Generic Vector<T> Class Implementation With Use of Expression Trees

Alexandr Stefek

5.00/5 (4 votes)

Jul 21, 2014

CPOL

5 min read

19703

361

This article show another way to implement generic operators. Vector is in middle of attention.

Content

Introduction
Expression Trees
Dive Deeply into Implementation
Generic T[] Binary Operator
Time Tests
Vector<T> Class Implementation
Code Use and Limitations
Future Development
History
References

Introduction

Using generics in Vector like class implementation is neverending story.
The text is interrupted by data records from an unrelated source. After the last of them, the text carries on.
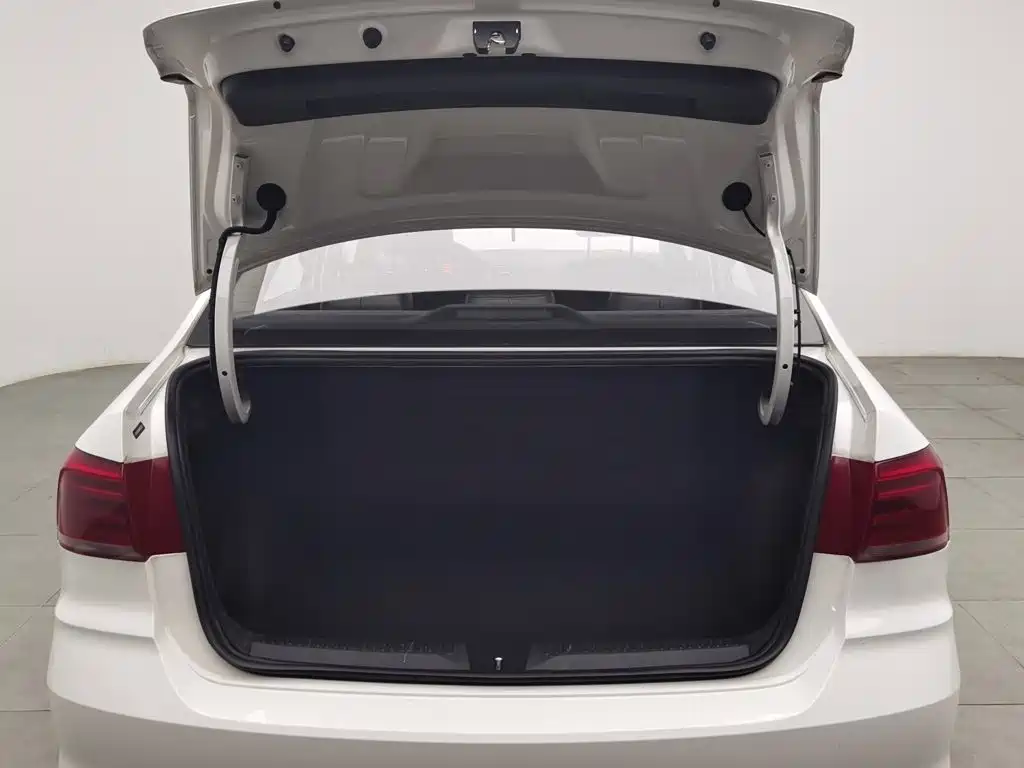 Volkswagen Santana, миниатюра 16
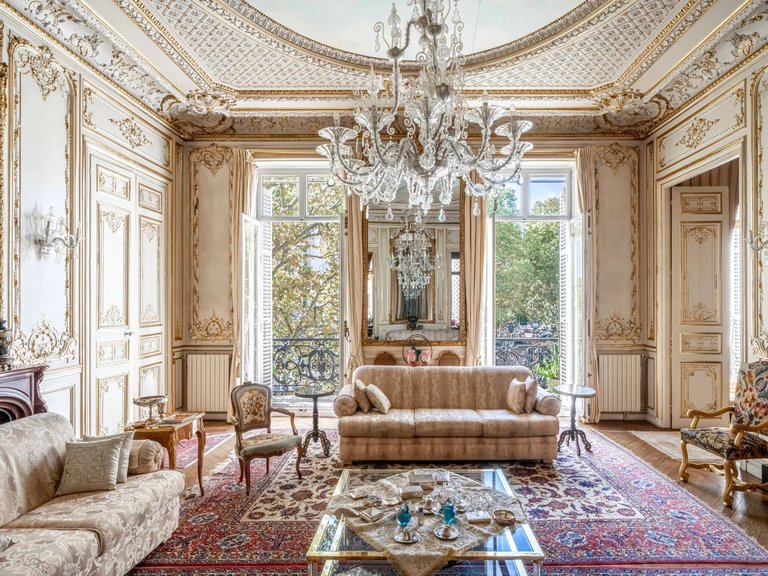 Apartment for Sale in 8th (golden Triangle - Parc Monceau), Golden Triangle - Trocadéro (8th - 16th) 2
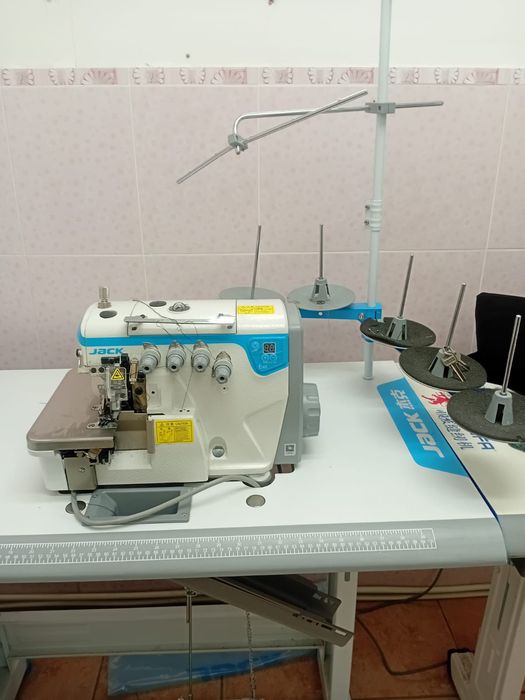 Продаю Швейная Машины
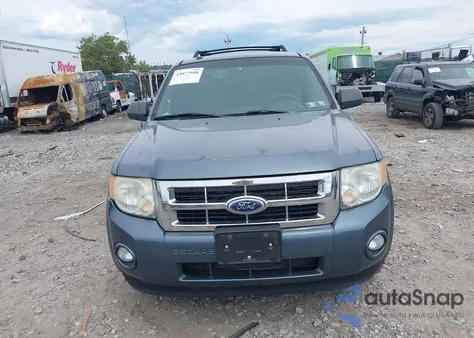 2010 Ford Escape Xlt из США, поврежденный, VIN 1FMCU9DG7AKB54333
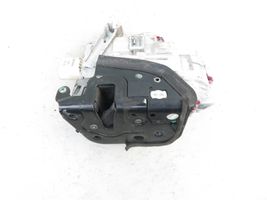 Audi A4 S4 B7 8E 8H Serratura portiera anteriore 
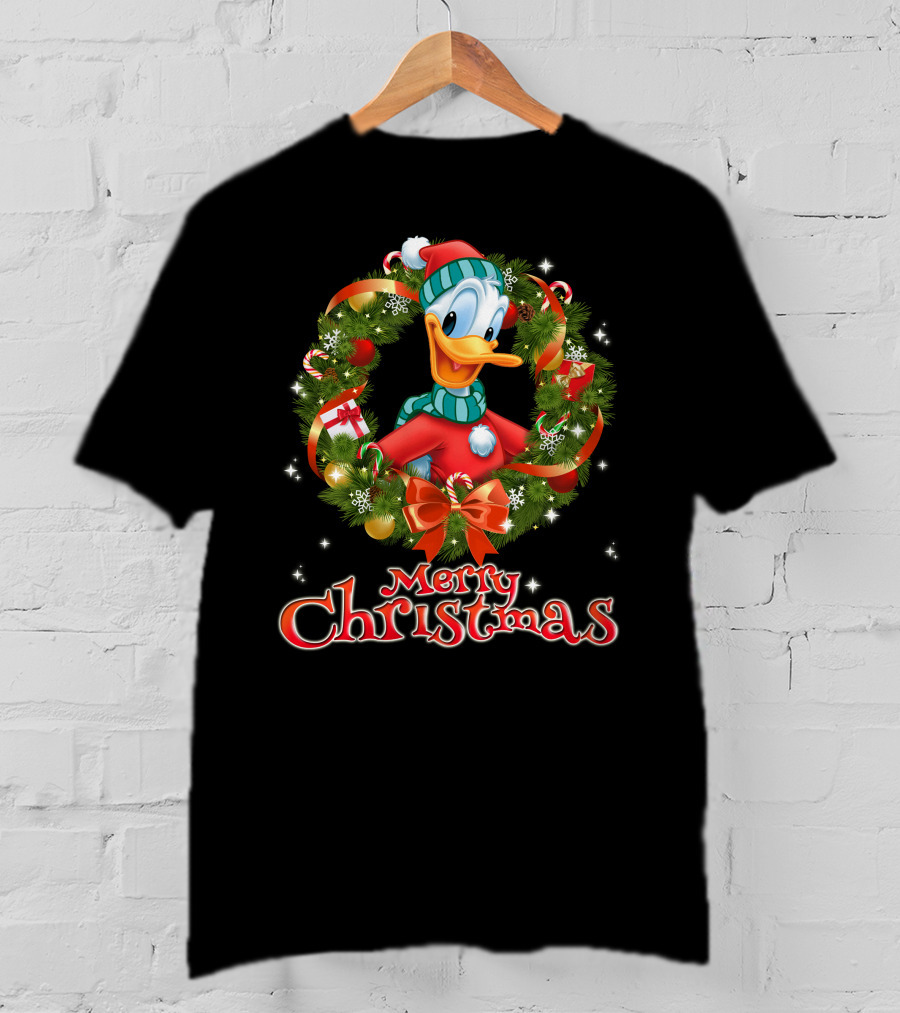 Merry Christmas Donald Duck Wreath T-Shirt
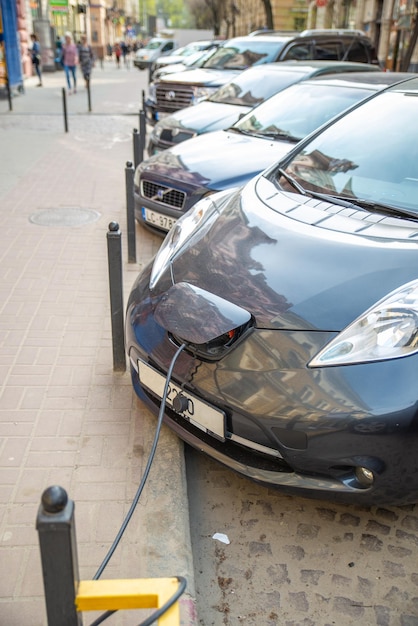 Recharge de voiture électrique sur le parking de la rue de la ville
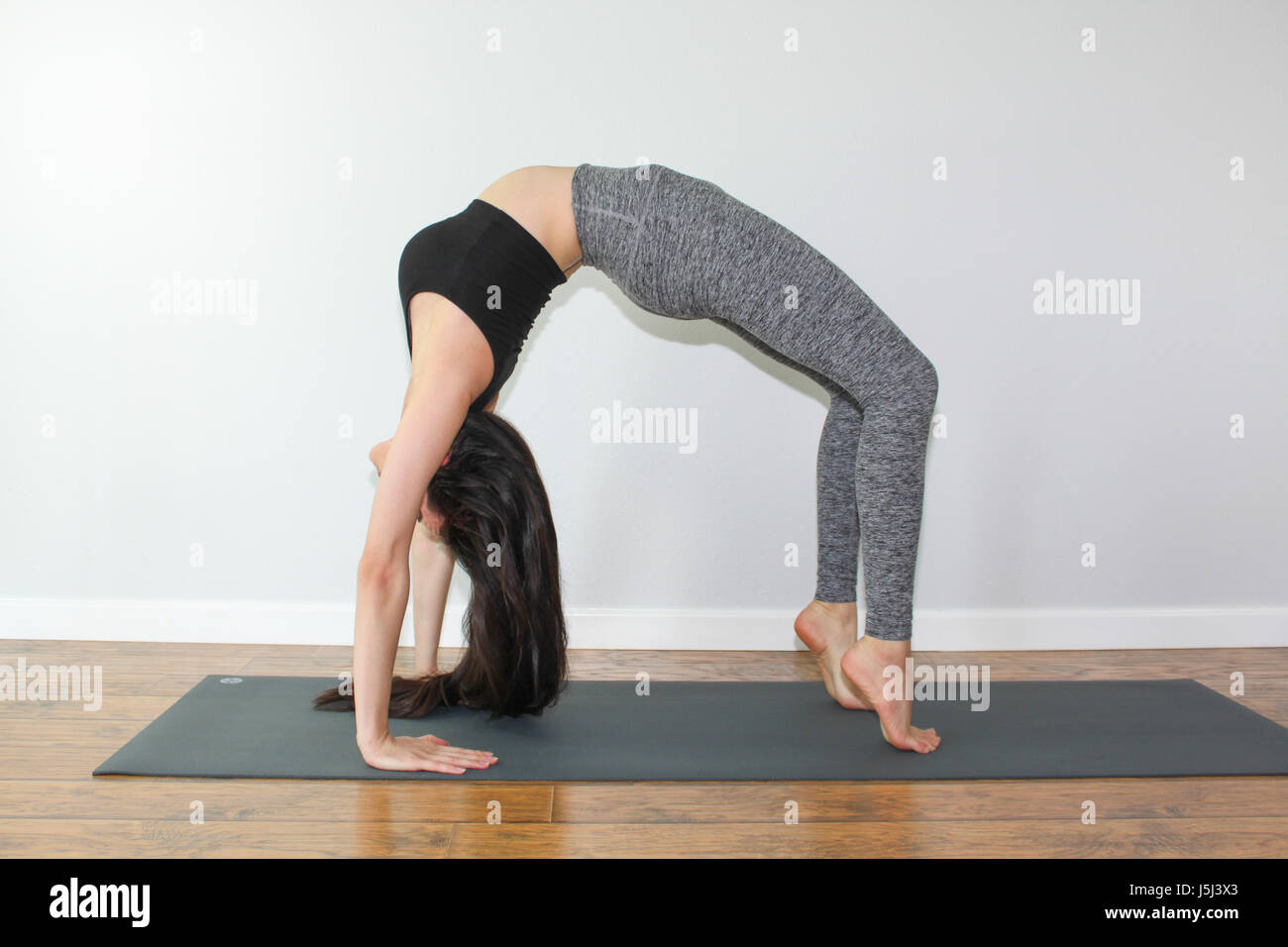 Beautiful woman sitting on appelle posent des roues. Banque D'Images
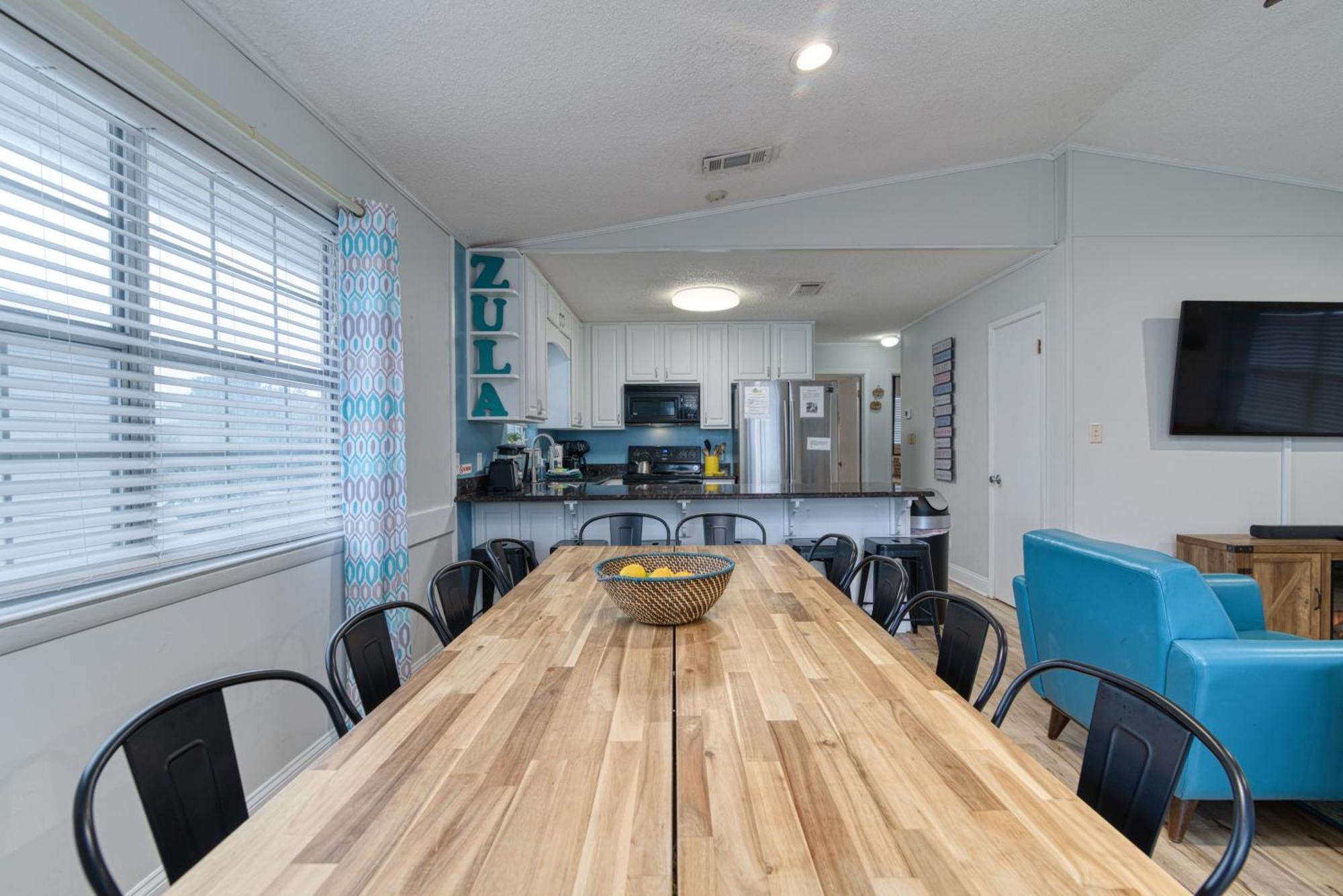Zula Dreams: Beachfront Pet-friendly Retreat With Heated Pool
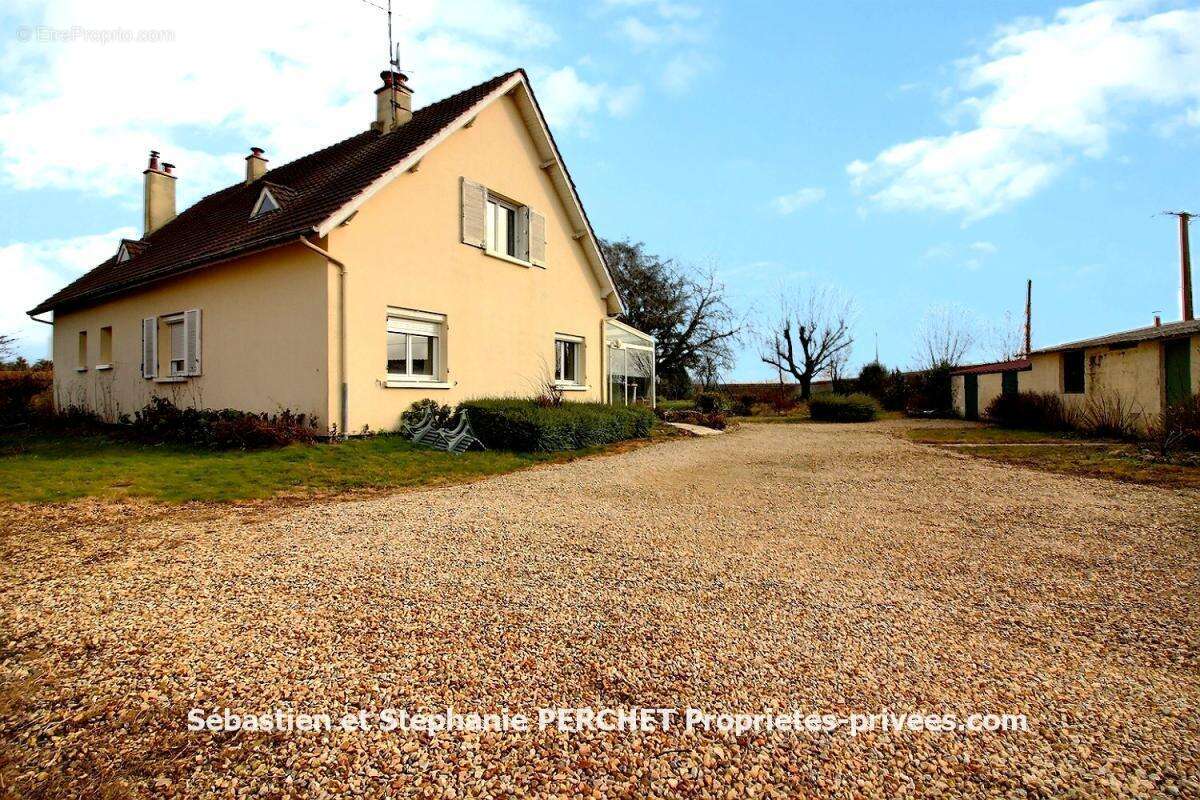 Maison à ORGERES-EN-BEAUCE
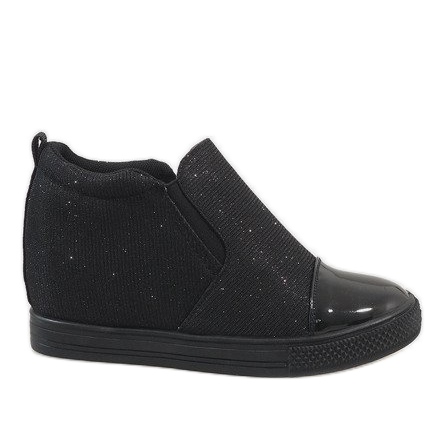 Baskets noires sur le coin DD410-1 le noir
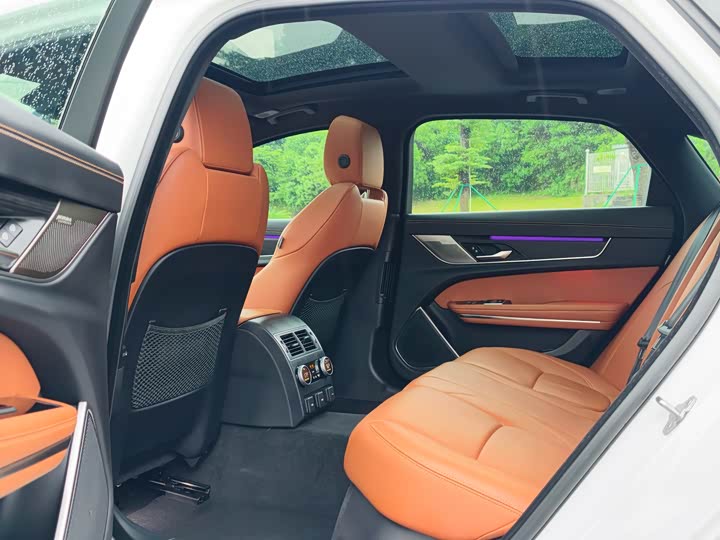 Jaguar XFL 2024 2.0 T P 300 4 WD — фото 11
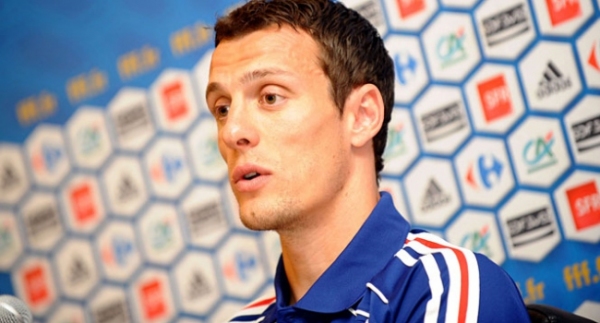 Squillaci 1 yıl daha Bastia'da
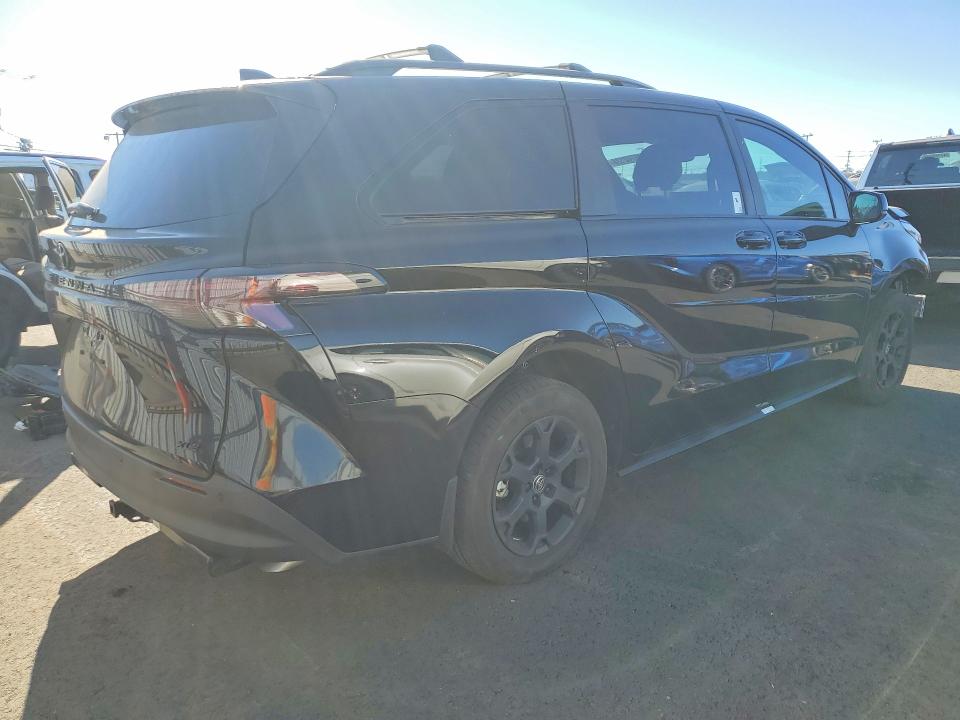 2025 Toyota Sienna VIN 5TDCSKFCXSS212666 COPART salvage auction — FRONT END, Ca - Salvage Certificate, sold $15,100 on 2026-07-15 (photo 3)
This article depictes another way for implementation.

Main problem with generic Vector implementation is that there does not exists possibility to directly implement something like

class Vector<T>
{

    public static Vector<T> operator +(Vector<T> a, Vector<T> b)
    {
        int cnt = a.Lenght;
        Vector<T> result = new Vector(new T[cnt]);
        for(int i = 0; i < cnt; i++)
            result[i] = a[i] + b[i];   
        return result;
    }
}

the compiler will throw an error at line

            result[i] = a[i] + b[i];

So if you still want to implement it you have to solve this problem and avoid by some way the line code above.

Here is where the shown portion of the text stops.